B. When Helping Hurts: How To Deal With Black Tax (999 Bob!)
How much of your income should go towards extended family support?
This e-book will help you navigate the gift & burden that is black tax with practical solutions on how to effectively help your family without jeopardizing your financial health & freedom.
Here’s what a reader said:
“This book made me escape a bullet of having to pay black tax for the next 20+ years! For 12 years, I carried the full financial responsibility of taking care of my parents. This would leave me with 0 savings and I barely had any investments yet I’ve had a good job all along. I learnt that: Unless somebody is incapacitated, I shouldn’t take over 100% of their financial lives because that’s literally disempowering them. Instead, I invested their retirement lump sum in Treasury Bonds which gave them an income. I’m now left with supporting their minor emergencies and my retirement fund is fattening every day! I’m buying it for all my girlfriends!”
8. High Yield Savings Account
While I was still stuck in the mindset that investing is for the wealthy, I used to invest by keeping my money in a high yield savings account. It used to be one of those where I could access my money only 4 times a year. It wasn’t the best way to invest but it helped me with the discipline I needed and a platform since I only had 1,000 or less to invest per month.
When you have money tucked away in a savings account, you usually earn some interest on the account balance. Unfortunately, the interest you earn might not generate much income. That’s certainly true in today’s low-interest-rate environment. In some cases, you’ll end up earning less than the inflation rate, which means the money you saved is actually losing spending power over time.
The current inflation rate hovers around 5.62%. This means a savings account giving you 5% is hardly protecting you against inflation, you are losing money instead.
9. Employer Retirement Fund
Does your employer offer a pension plan?
A lot of people that I’ve asked this question say they don’t know. This can be either because they didn’t read their employment contract or because their employer doesn’t play an active role in ensuring that they sign up.
Not signing up if they do have one, means you’re leaving free money on the table.
It could be a government pension scheme such as the NSSF in Kenya or one offered by your employer.
This is one of the most affordable ways to start keeping money aside for your retirement.
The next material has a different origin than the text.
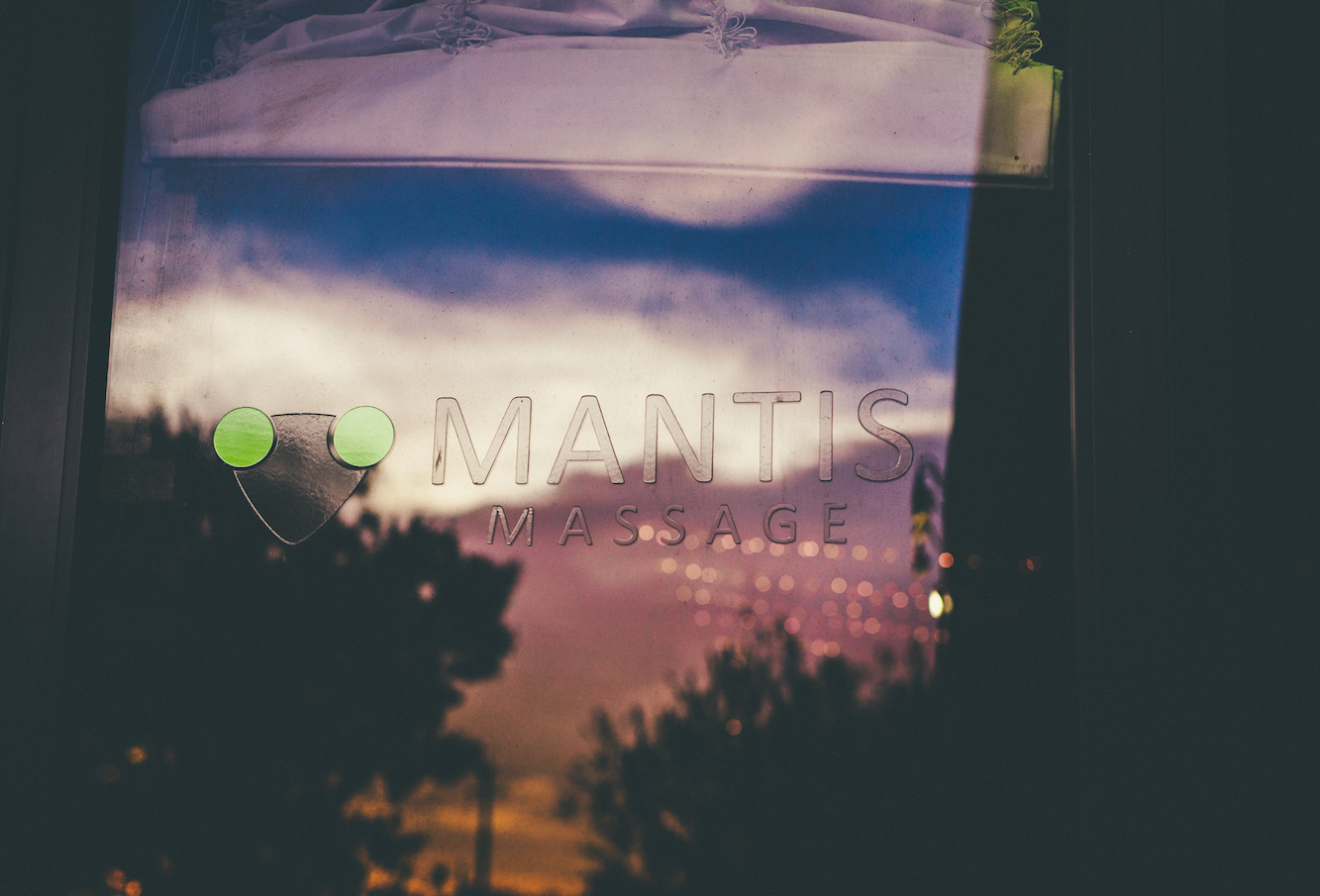  Front door at Mantis Massage, Airport Boulevard, Austin, TX  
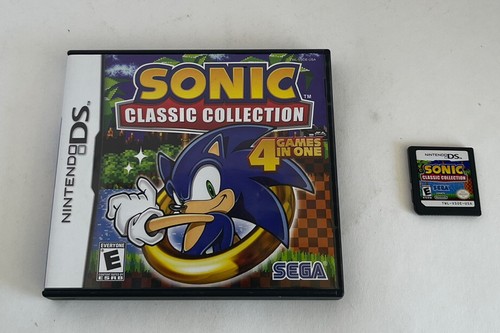 ソニック　クラシックコレクション　北米版 Sonic Classic Collection (Nintendo DS) | eBay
You might think that you’re too young and that being 65 is a million years away but it’s not. As Richard Thaller and Cass Sunstein write in Nudge, “self-control issues are most likely to arise when choices and their consequences are separated in time.”
Find a balance between spending your money now and investing in your future.
Ask your employer if they offer a pension plan and sign up.
As JL Collins writes in his book The Simple Path To Wealth, “stop thinking about what your money can buy. Start thinking about what your money can earn. And then think about what it earns can earn.”
Even if you currently don’t have the 1,000 shillings today to invest, start where you are with what you have and grow. Surely you must be having a few hours to spare. Visit a broker and open a CDS account, it’s FREE.
We all have money. We should learn to manage the little we have and grow it.